If pictures are present, leave them out, and copy the data word for word.

Data block >>
────────────────────

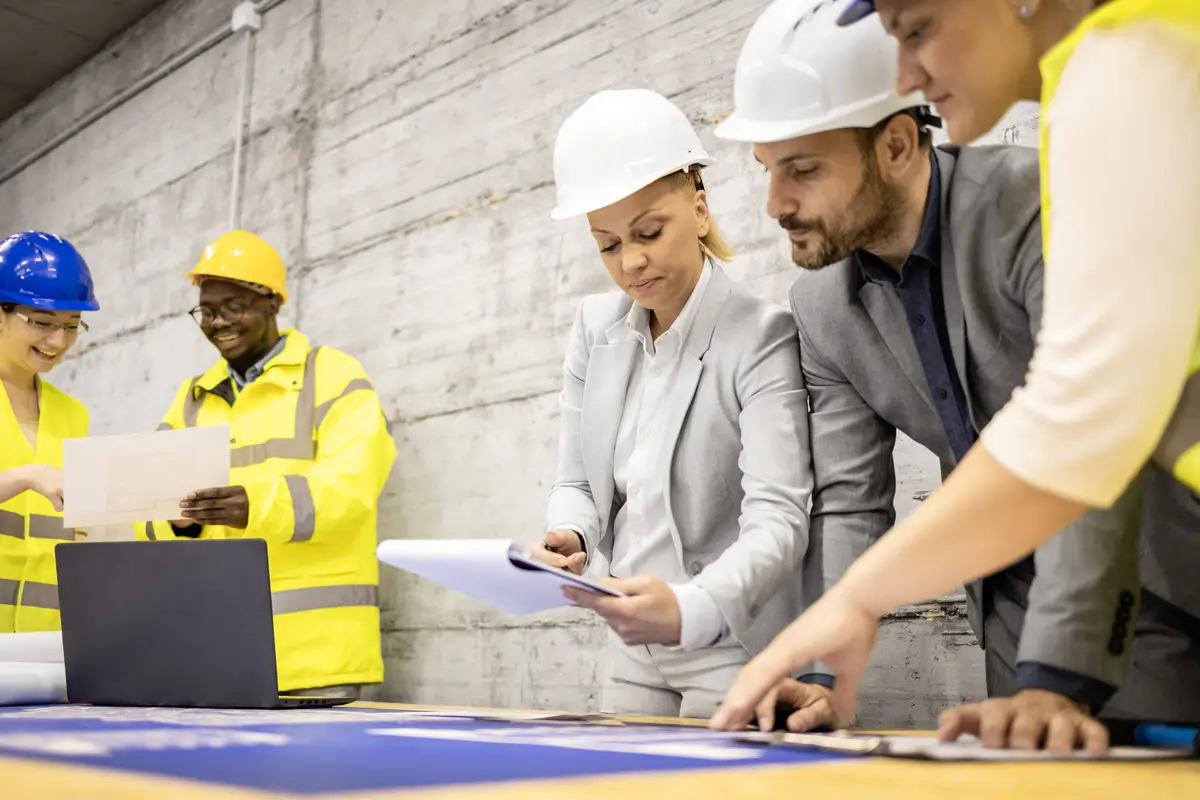 Team of experienced architects and civil engineers analyzing building plans at construction site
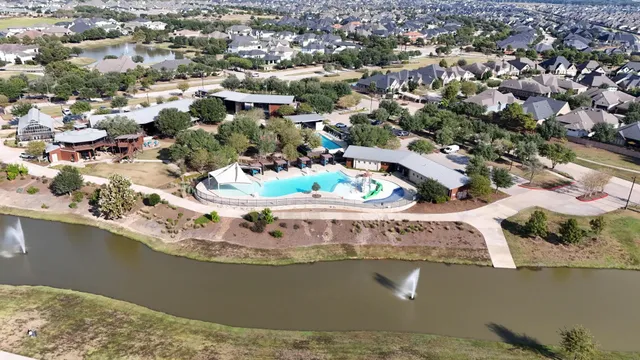 an aerial view of residential houses with outdoor space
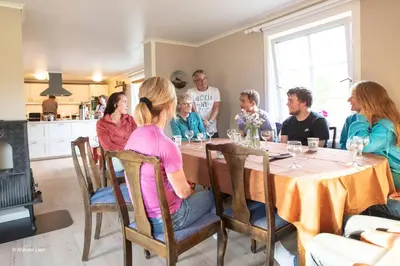 a group of people sitting around a table at Kirkvollen pilegrimsgård in Tydal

────────────────────

Reply to the exercise >>
 Team of experienced architects and civil engineers analyzing building plans at construction site
 an aerial view of residential houses with outdoor space
 a group of people sitting around a table at Kirkvollen pilegrimsgård in Tydal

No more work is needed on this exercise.